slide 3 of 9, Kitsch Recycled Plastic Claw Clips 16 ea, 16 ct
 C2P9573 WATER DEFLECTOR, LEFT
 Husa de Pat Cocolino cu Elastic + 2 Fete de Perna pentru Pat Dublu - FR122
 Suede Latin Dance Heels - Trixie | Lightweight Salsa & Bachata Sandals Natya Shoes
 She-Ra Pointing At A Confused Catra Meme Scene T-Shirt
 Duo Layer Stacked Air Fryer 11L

· · · · · · ·

* [Your objective]:
Each line from the one containing "Husa de Pat" down to the final line of the listing must appear in the answer exactly as written, and no other line may.

* [Answer for the task]:
 Husa de Pat Cocolino cu Elastic + 2 Fete de Perna pentru Pat Dublu - FR122
 Suede Latin Dance Heels - Trixie | Lightweight Salsa & Bachata Sandals Natya Shoes
 She-Ra Pointing At A Confused Catra Meme Scene T-Shirt
 Duo Layer Stacked Air Fryer 11L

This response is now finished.